Year 3 was the season that Matt Rhule turned things around at Temple and at Baylor, but that Year 3 magic didn’t come with him to Lincoln. Rhule closed out the 2025 regular season at Memorial Stadium on Friday with a 40-16 loss to Iowa to fall to 7-5, leading the Cornhuskers to back-to-back bowl games for the first time since the program made nine-straight bowl games between 2008 and 2016.
However, in the process, Rhule fell to 2-10 in the month of November since taking over at Nebraska. Rhule called that record “unacceptable” in his postgame press conference, though it’s not the most humiliating stat to come out of Friday’s blowout loss to Kirk Ferentz’s Hawkeyes.

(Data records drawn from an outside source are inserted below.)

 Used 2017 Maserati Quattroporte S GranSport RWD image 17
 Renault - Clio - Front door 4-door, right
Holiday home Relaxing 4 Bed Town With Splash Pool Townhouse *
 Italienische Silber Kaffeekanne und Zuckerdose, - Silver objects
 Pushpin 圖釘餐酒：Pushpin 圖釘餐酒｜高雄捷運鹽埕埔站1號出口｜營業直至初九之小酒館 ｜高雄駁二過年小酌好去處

With the victory, Ferentz passed Rhule, his predecessor Scott Frost, and his predecessor Mike Riley for the second-most Big Ten wins at Memorial Stadium. Nebraska joined the Big Ten in 2011, and Bo Pelini racked up 12 Big Ten home victories before his tenure came to an end in 2016. Rhule, Frost, and Riley all have six, which Riley, like Rhule, managed in three seasons while Frost needed five years to hit that mark.
Congrats to Kirk on passing Matt Rhule, Scott Frost and Mike Riley for second most Big Ten Conference wins in Memorial Stadium history.

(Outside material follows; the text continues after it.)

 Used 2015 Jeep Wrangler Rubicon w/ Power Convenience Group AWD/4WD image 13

— Scott Nelsen (@nelses1) November 28, 2025
Bo Pelini 12
Kirk Ferentz 7
Matt Rhule 6
Scott Frost 6
Mike Riley 6
Mickey Joseph 1 pic.twitter.com/cSlCglrbrj
Ferentz has been at Iowa for 27 years and has played at Memorial Stadium eight times since joining the conference. He is 7-1 on the road against the Huskers in conference play and has won 10 of the last 11 meetings between the two teams.
Matt Rhule has to end Kirk Ferentz’s dominance at Memorial Stadium
Rhule won’t get another opportunity to beat Iowa at home until 2027, but his team will face the Hawkeyes in Des Moines next year. Rhule is now 0-3 against Iowa and 19-18 at Nebraska overall. Yet, as rumors swirled about the former Nittany Lions linebacker emerging as a candidate to replace James Franklin in Happy Valley, Nebraska handed Rhule a two-year contract extension to tie him to the program until 2032.
He’s led Nebraska back to a level of competence that it frankly hasn’t seen since the Bo Pelini era, and that’s meaningful for a program that was in the wilderness for so long. However, Year 3 ended on an incredibly sour note.
Dylan Raiola’s season-ending injury in the Huskers’ Week 10 loss to USC helped to derail Nebraska down the stretch, though in losses to Penn State and Iowa to close out the season, the defense was the major issue.
Last offseason, Nebraska lost nearly all of its starting defensive linemen, along with defensive coordinator Tony White, and Rhule was never able to overcome those deficiencies. Now, after Dayton Raiola’s de-commitment from the program, he faces an offseason that could see him lose his former five-star QB.